EPITA 2023 MLRF practice_02-02_twinit-part2-matching v2023-05-24_134912 by Joseph CHAZALON

Creative Commons License

This work is licensed under a Creative Commons Attribution 4.0 International License.

Practice 02 part 02: Match keypoints and solve Twin it!¶

In this part we will reuse pre-computed elements from the previous parts:

  • the distance matrix between bubbles computed from color histograms;
  • keypoints and descriptors for each bubble.

The idea is to select pairs of bubbles which are close according to the color histogram, then to compare the descriptors extracted from each of them. Based on the number of near-identical matches, we will return a much compact list of twin candidates.

This last part is decomposed into 3 steps:

  1. Prepare a matching framework to compare sets of descriptors.
  2. Reload all the pre-computed elements from the previous parts.
  3. Solve Twin it!.

1. Prepare a matching framework¶

Given two list of descriptors, $D_1$ and $D_2$ (which actually are flattened color image patches), we want to identify the matching pairs.

Instead of using a distance like the sum of squared differences, we will use a scoring approach, therefore the higher the score the better the matching.

This will be performed in three steps:

  1. Find for each element $d_i \in D_1$ the best match $\hat{d_j} \in D_2$, ie build the set
$$ \{ (d_i,\hat{d_j}) \mid \hat{d_j} = \underset{d_j \in D_2}{\mathrm{argmax}} \operatorname{score}(d_i, d_j) \}, $$

with the constraint that the matching score of two elements is above a minimal threshold: $$\operatorname{score}(d_i, d_j) > T.$$ In practice we only store the indices of the matching pairs. 2. Perform the reverse operation, find for each element $d_j \in D_2$ its best match $\hat{d_i} \in D_1$. 3. Keep only the matches which "agree", ie pairs that are in both sets.

No need to use large descriptors to test this step: we know our descriptors are 1-dimensional NumPy arrays, so you can test very simple cases to check your method before running it on large descriptors.

In [1]:
# deactivate buggy jupyter completion
%config Completer.use_jedi = False
In [2]:
import numpy as np
import cv2
import matplotlib.pyplot as plt
%matplotlib inline
import os
In [3]:
# TODO
PATH_TO_RESOURCES = "."  # FIXME set this to the path of the twinit resource directory
In [4]:
# prof
PATH_TO_RESOURCES = "/home/jchazalo/git/jchazalo/cours-mlrf-preparation/resources/twin_it"

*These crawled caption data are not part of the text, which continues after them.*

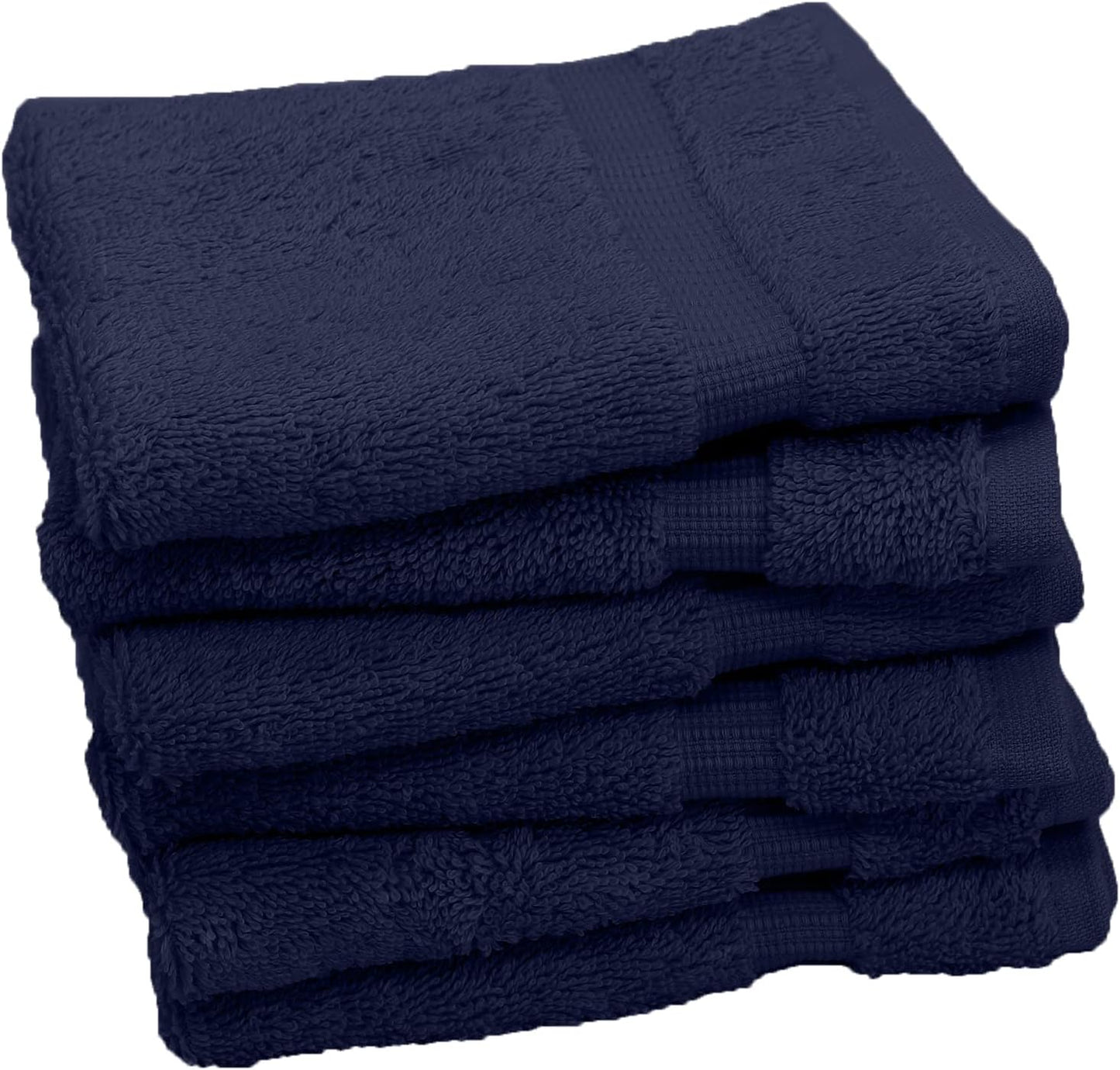 Luxury Hotel & Spa Towel Turkish Cotton Washcloths - Navy - Dobby Border - Set of 6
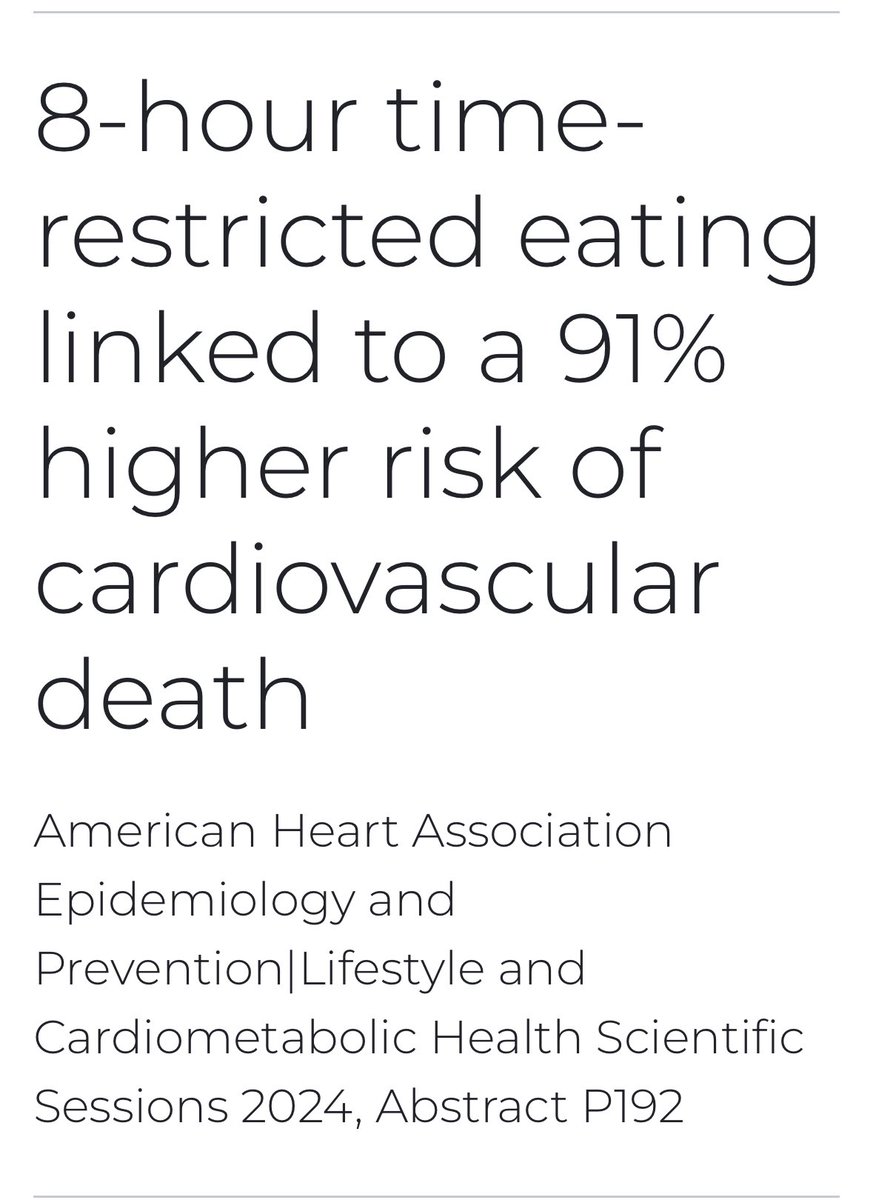 Intermittent fasting of 16 hrs associated with increased Cardiovascular Mortality in middle aged population of 20000 people followed up for 8 yrs..American Heart Association abstract
#AHA #HealthyEating #Food #fasting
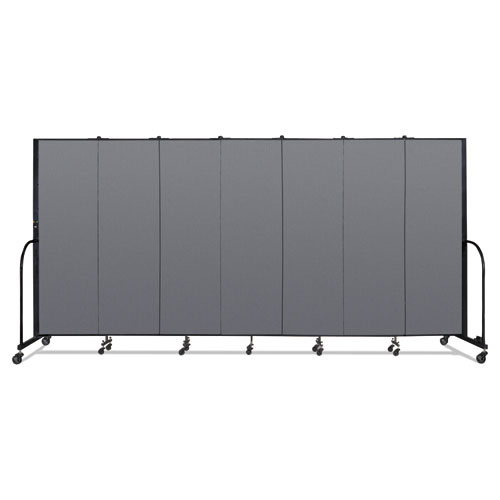Portable Room Divider, 13 ft 1" x 0.75" x 6 ft, Vinyl/Fiberglass/Steel, Gray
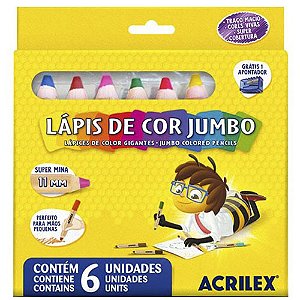 Lápis de Cor Jumbo  6 cores Acrilex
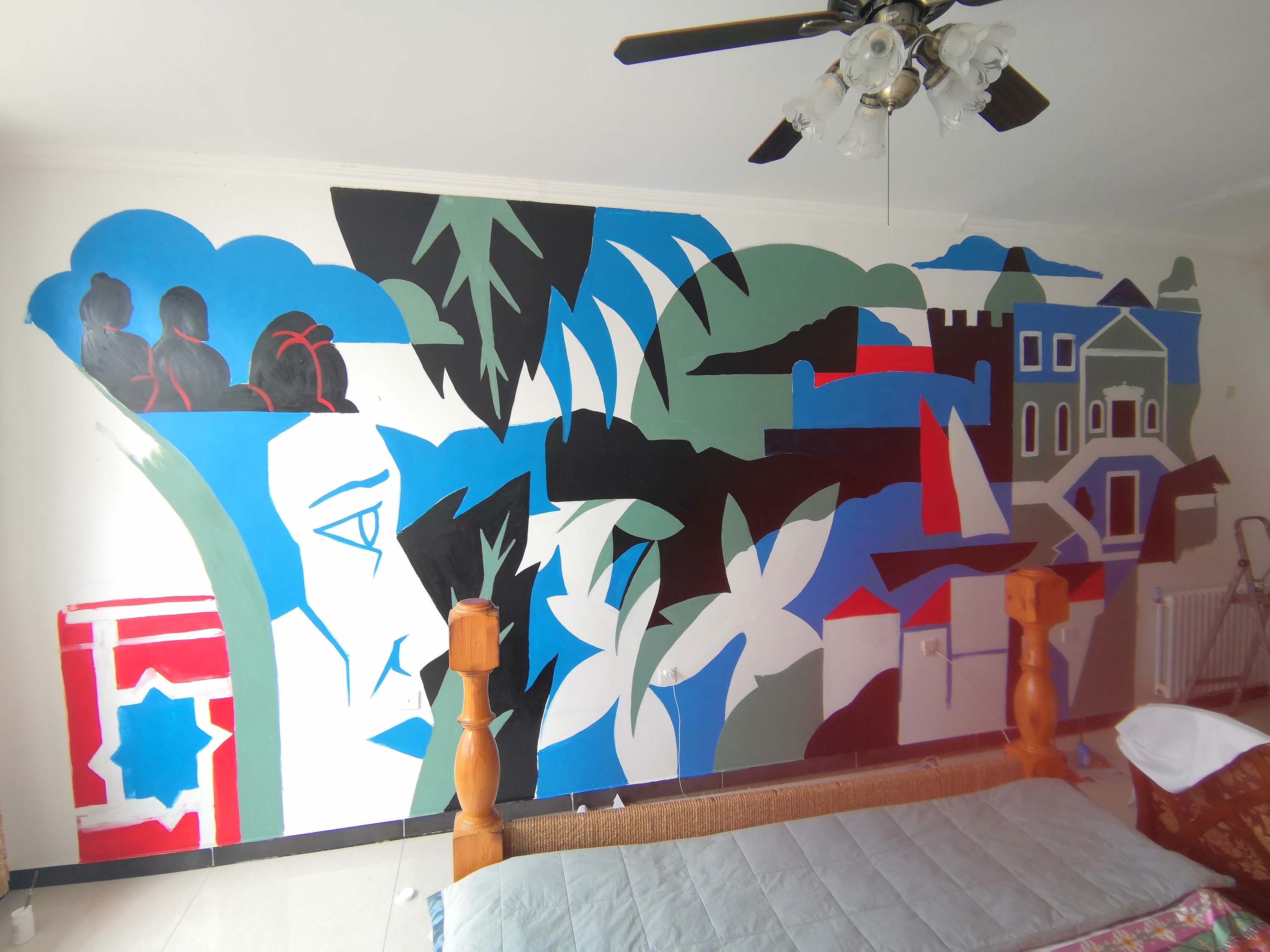 民宿室内墙绘|其他|墙绘/立体画|小柯手绘工作室 - 临摹作品 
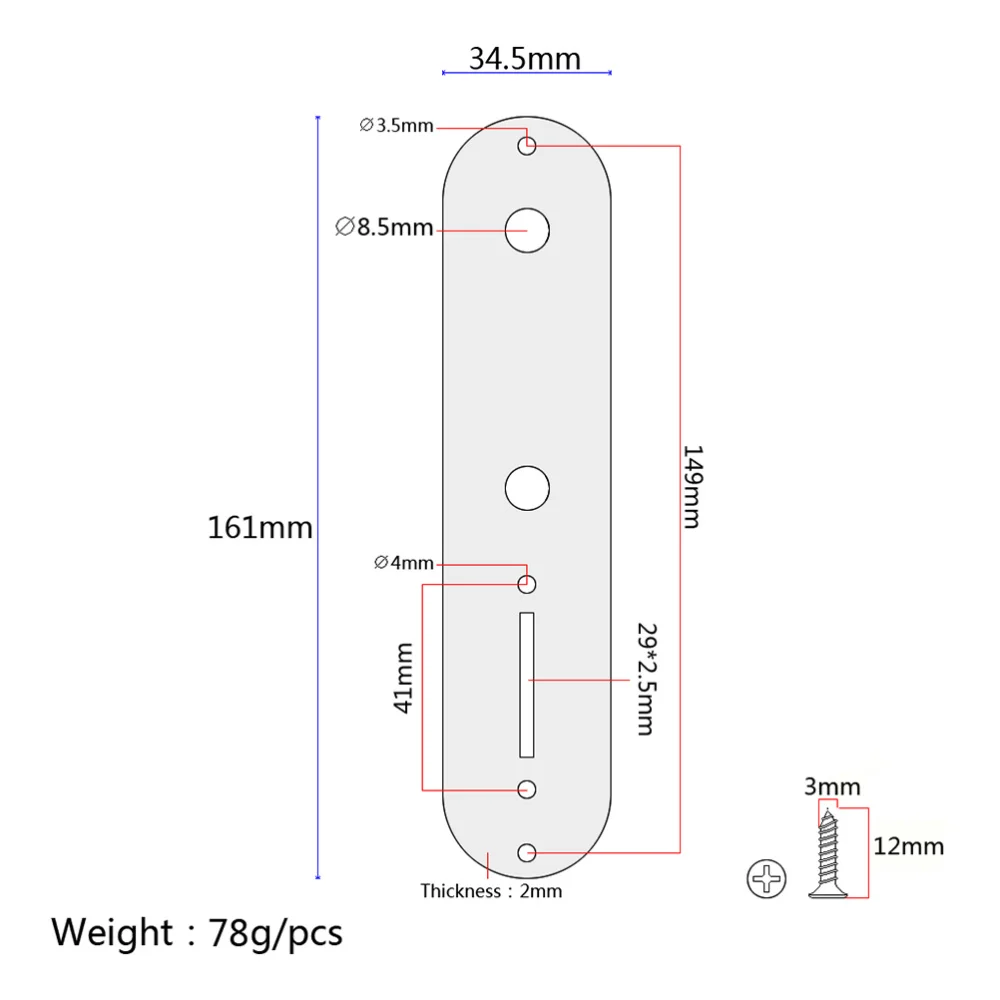 

Metal Electric Guitar Bridge Switch Control Plate for Guitar GE206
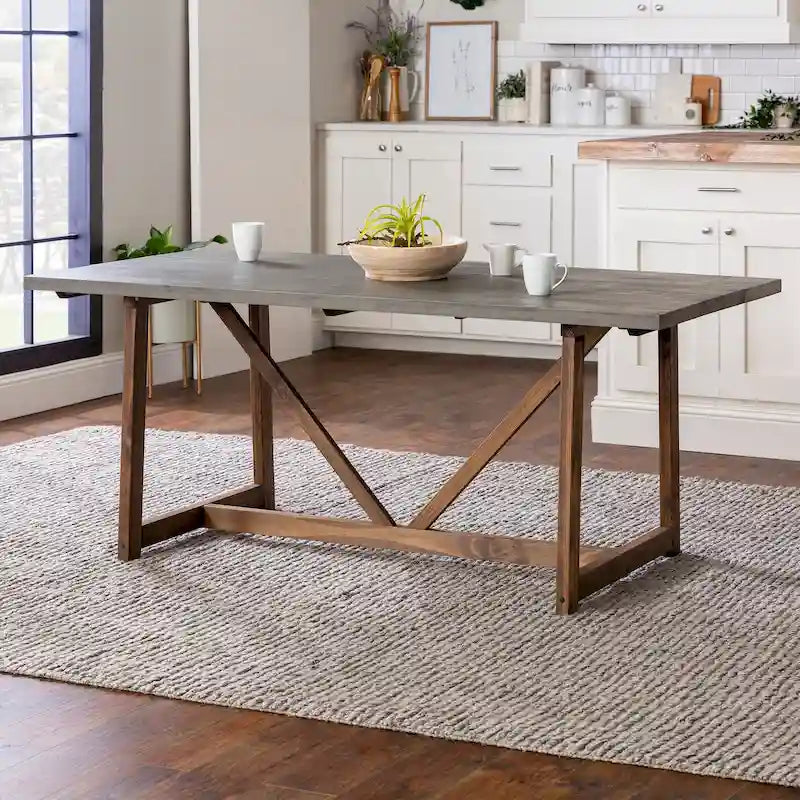 Table de salle à manger tréteaux de ferme en bois massif avec finition vieillie bicolore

Normalized cross correlation¶

The scoring method we will use to compare the descriptors (color image patches) had the following formula, where $d_i$ and $d_j$ are two descriptors of the same size (3*patchside**2): $$ \operatorname{ncc}(d_i, d_j) = \frac{1}{|d_i|} \sum{ \frac{d_i - \bar{d_i}}{\sigma_{d_i} + \epsilon} \times \frac{d_j - \bar{d_j}}{\sigma_{d_j} + \epsilon} } $$ where:

  • $|d_i| = |d_j|$ is the length of the descriptor;
  • $\sum$ is the sum of the components of a vector;
  • $\times$ is the component-wise product of two vectors;
  • $\bar{d_i}$ is the mean value of $d_i$;
  • $\sigma_{d_i}$ is the standard deviation of $d_i$;
  • $\epsilon$ is a very small value ($\ll 1$) to avoid instability when $\sigma_{d_i} = 0$ (this may happens with buggy patches with constant values).

This simply compares vectors whose values are shifted around $0$ and scaled.

The result is close to $1$ for vectors which are highly colinears.

work

Complete the function below to compute a normalized cross correlation between descriptors.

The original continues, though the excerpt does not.